Une histoire du point de vue des dominé.es
Alethea Arnaquq-Baril l’affirme : rien de plus étrange pour un Inuk que l’expression de sa colère. Et pourtant, elle prend sa caméra pour dénoncer une nouvelles atteinte faite à son peuple. En interdisant le commerce des peaux de phoques, tout en reconnaissant une « exception » inuk, l’Union Européenne exerce sa domination économique et culturelle sur ce peuple du grand Nord.
La réalisatrice montre que l’autorisation d’une chasse de subsistance n’empêche pas l’effondrement du commerce des peaux, nécessaire à la vie économique de la communauté autochtone.
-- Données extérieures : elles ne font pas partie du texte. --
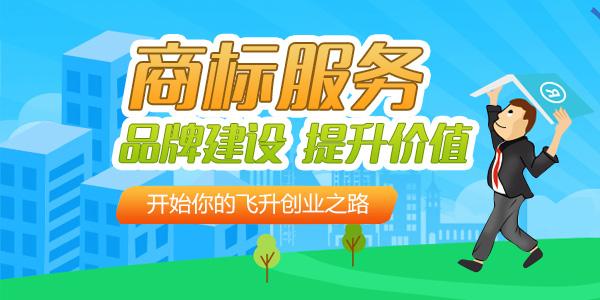 個體戶要怎樣做才能擁有一枚商標？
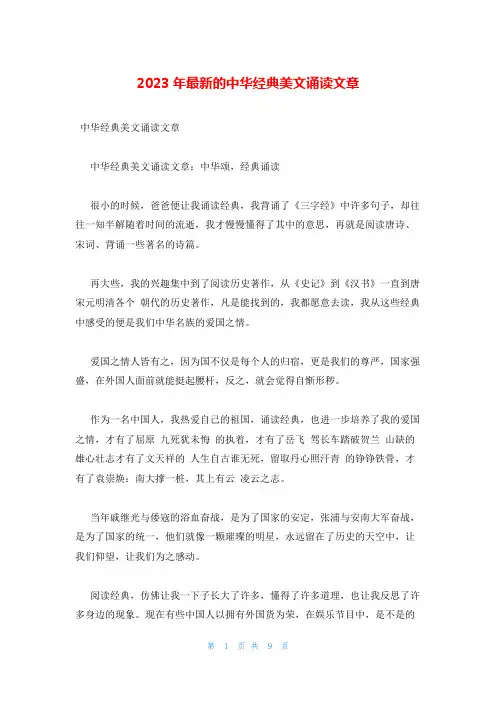 2023年最新的中华经典美文诵读文章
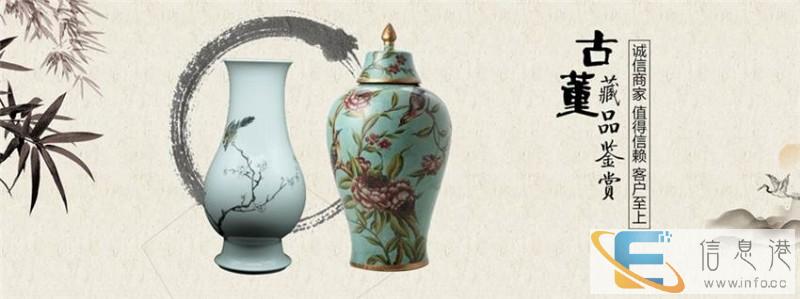 中国嘉德拍卖公司征集电话是多少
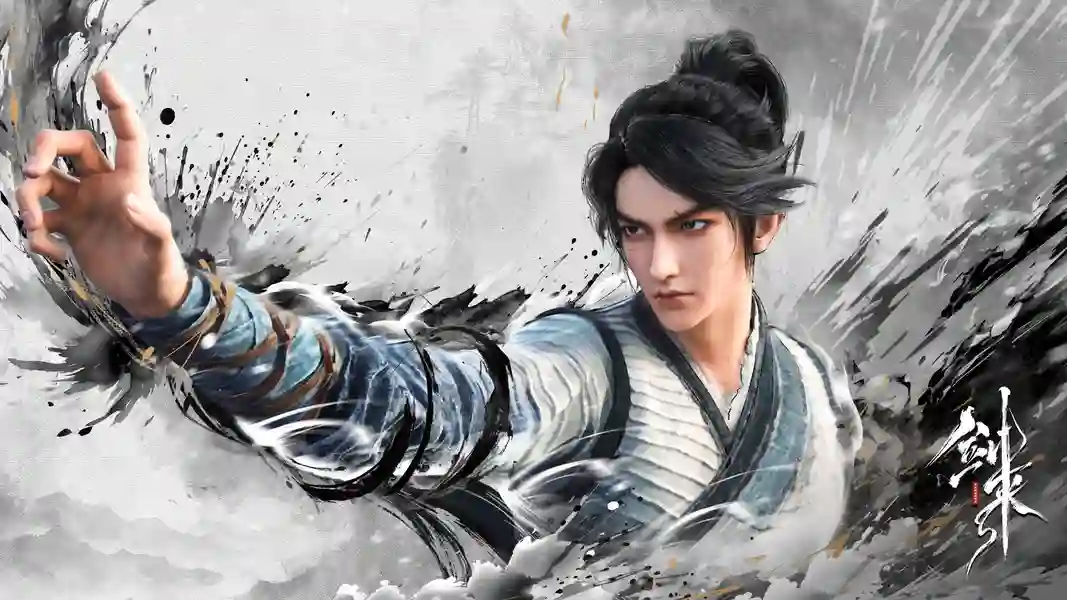 Jian Lai (Sword of Coming) กระบี่จงมา ซับไทย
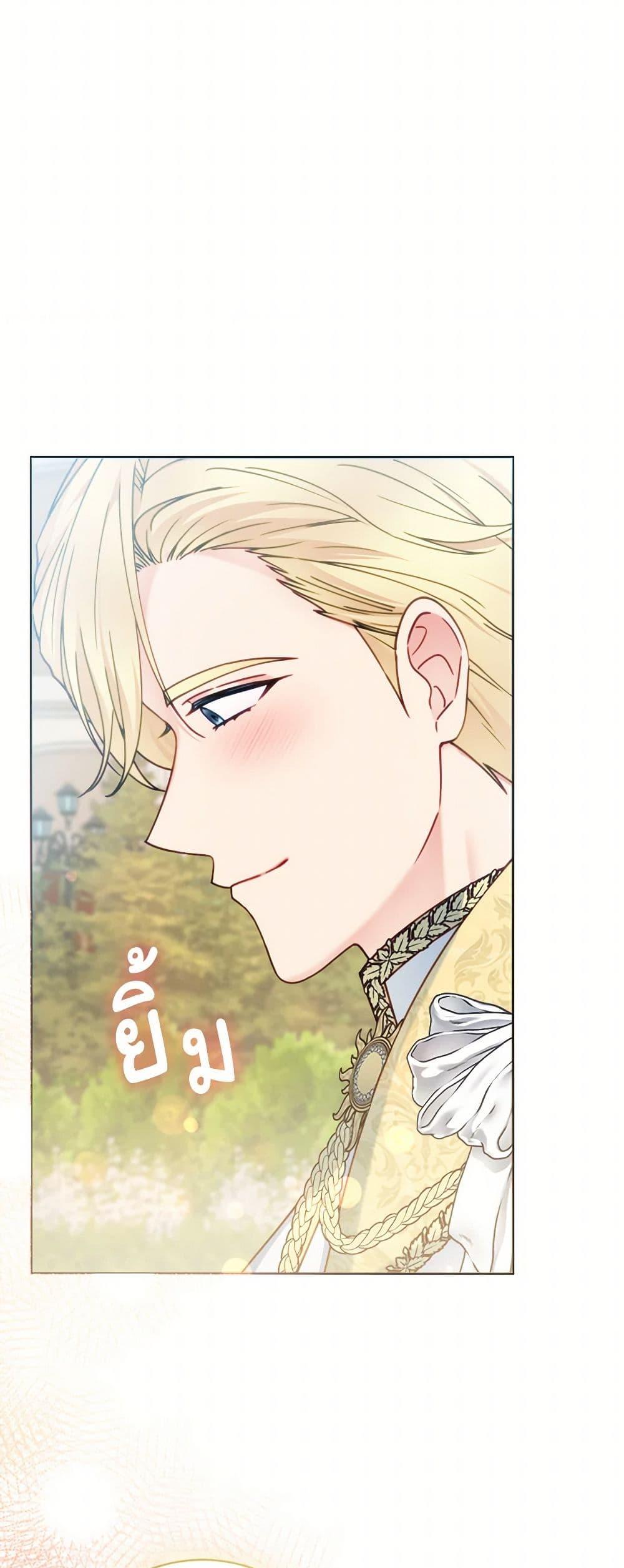 Manga-lc-com อ่านมังงะ อ่านการ์ตูน ออนไลน์ ฟรี Contractual Marriage to a Surly Duke ตอนที่ 1 2 3 4 5 6 7 8 9 10 11 12 13 14 ฟรี ไม่มีโฆษณา Manga-lc - อ่าน มังงะ อ่าน การ์ตูน ออนไลน์ อ่านมังงะ ฟรี
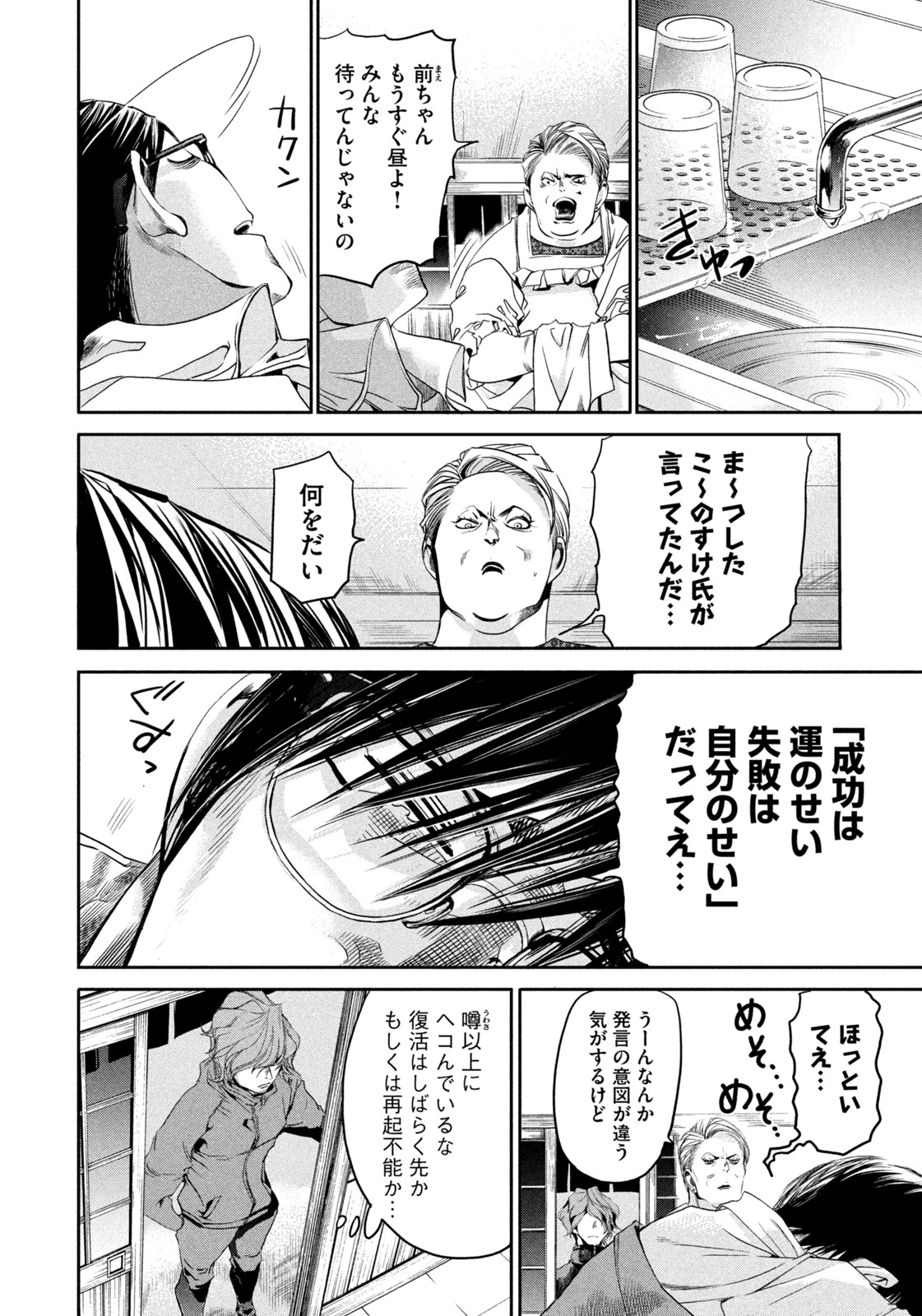 Salaryman Z - Chapter 34 - Page 14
C’est que nous voulons bien voir les Inuk dans leur authenticité ethnographique, mais pas partie prenante de la mondialisation économique. L’exotisme est aussi une exclusion farouche des « autres » de notre confort de vie - que nous érigeons pourtant, en toute contradiction, comme horizon d’attente universel. L’intrication des dominations culturelle, politique et économique met en difficulté un peuple qui a besoin de la totalité du phoque pour survivre, et pas seulement aux conditions climatiques extrêmes. Le film montre comment les politiques européennes et les grandes associations animalistes refusent d’envisager le point de vue des dominé.es. Convaincant et dérangeant, le documentaire suggère qu’une certaine idée de la protection de la nature est une des facettes d’une hégémonie culturelle. On pense aux travaux de Nastassja Martin dans Les âmes sauvages et à la façon dont elle réunit dans une même ontologie, dite naturaliste, extractivistes et promoteurs des parcs naturels.
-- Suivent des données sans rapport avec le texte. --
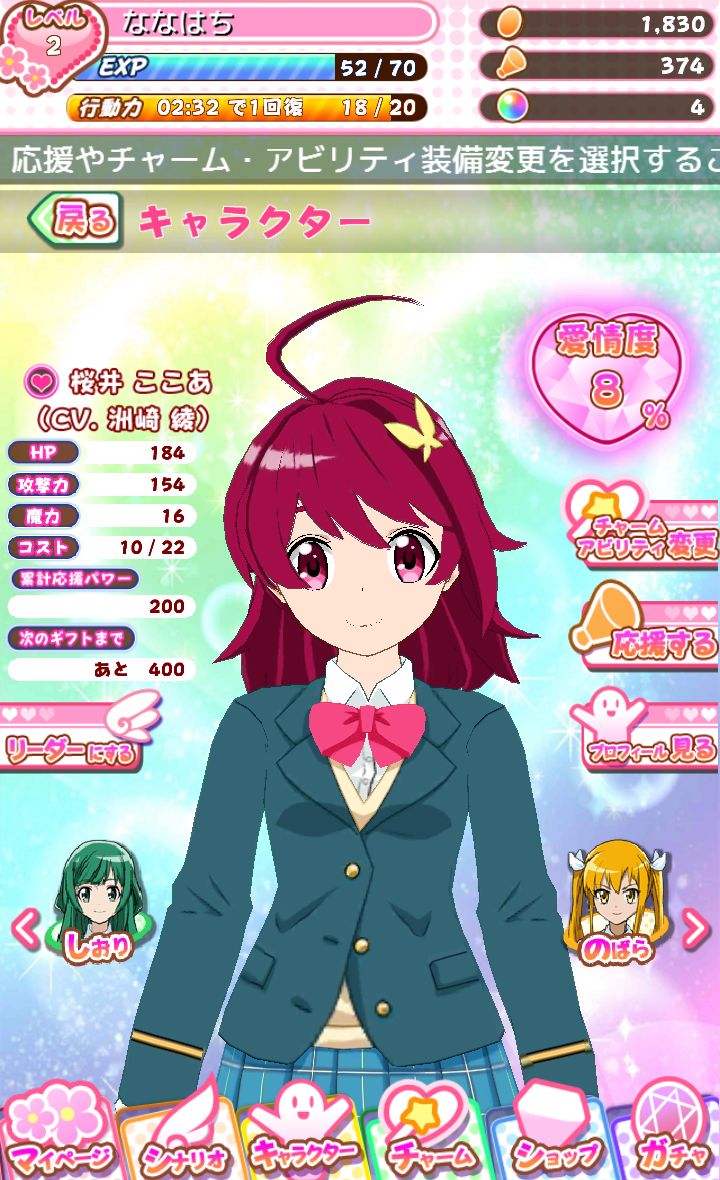 androidアプリ 魔法少女ピクシープリンセス攻略スクリーンショット5
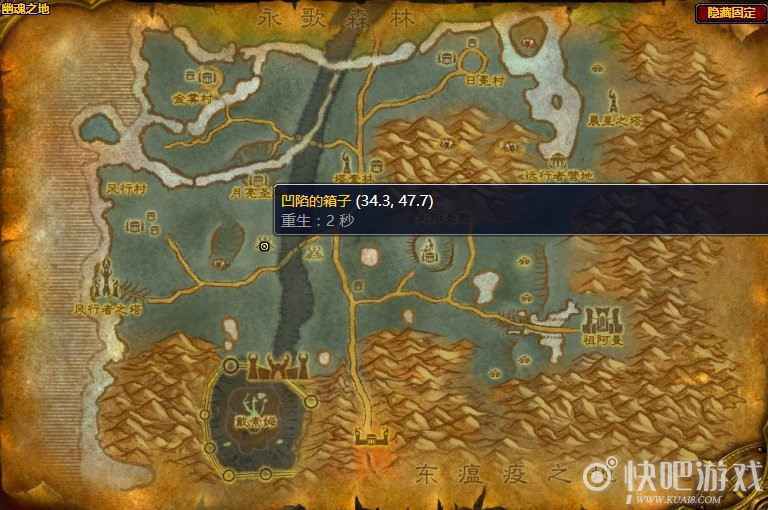 魔兽怀旧服通灵双塔任务攻略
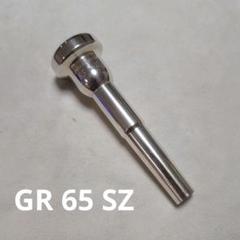 生産完了品 希少 美品 GR 65 SZ トランペット マウスピース 生産完了品 希少 美品 GR 65 SZ トランペット マウスピース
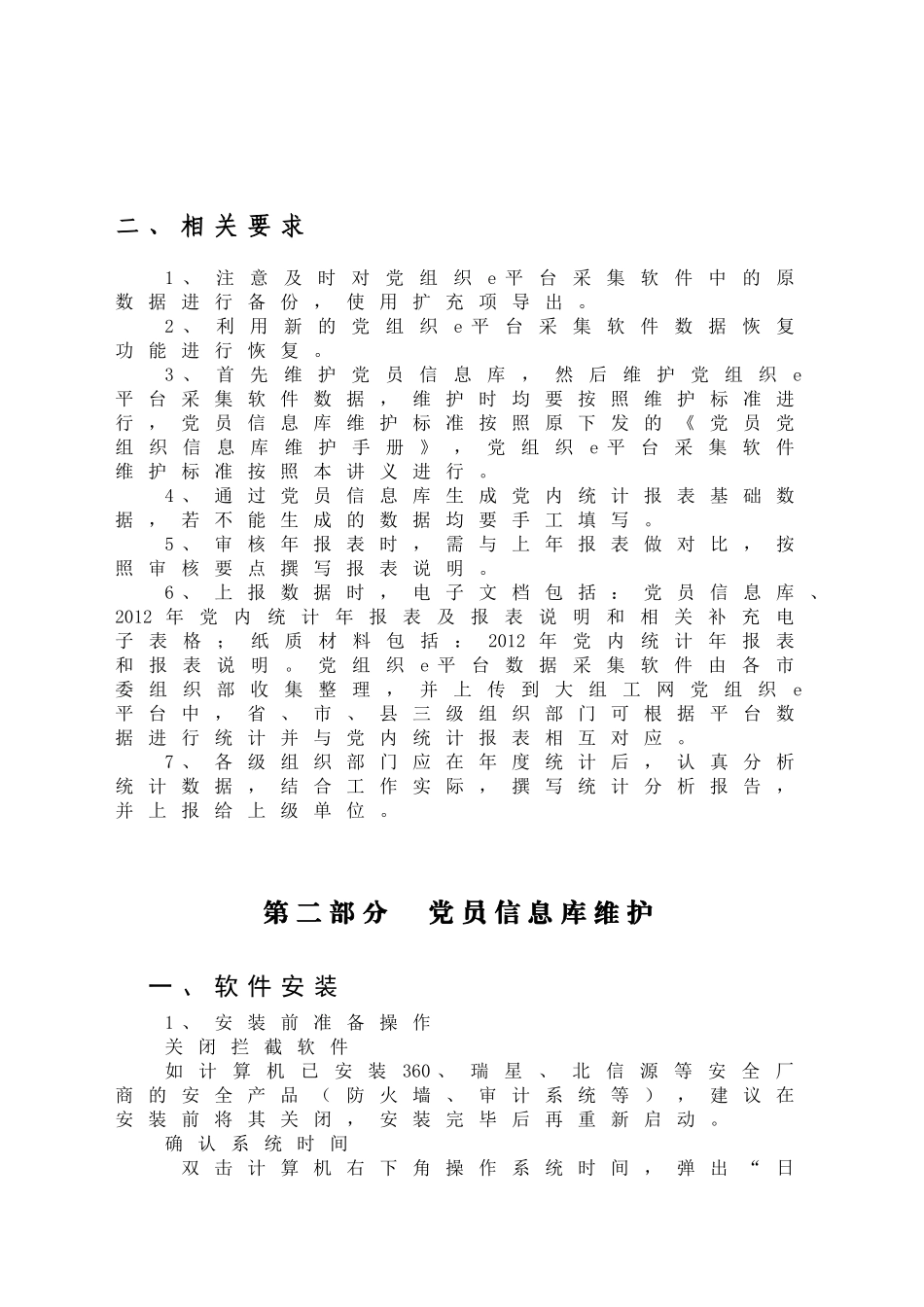 党内统计工作培训范本_第3页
Ce film devient alors encore plus vertigineux si nous acceptons de l’envisager comme un miroir de certains rapports de domination qui s’exercent au sein de nos sociétés. Charles Stepanoff en suggérait quelques éléments dans son ethnographie d’une communauté de chasseurs en France dans L’animal et la mort. C’est que la « ruralité » revendique aujourd’hui son autochtonie, dénonce la colonisation des résidences secondaires et la domination culturelle qui porte un fort mépris au monde agricole, économiquement exploité par la grande distribution. L’argument économique et le fait qu’il ne s’agisse pas d’espèces en voie de disparition sont des arguments présents des deux côtés de l’Atlantique. La stigmatisation violente sur les réseaux sociaux et l’usage polémique de certaines images se retrouvent également sur les deux continents.
Il ne s’agit pas de superposer deux situations très différentes mais, au gré de quelques échos, de considérer à quel point une forme de domination nous échappe quand nous sommes du côté des dominant.es.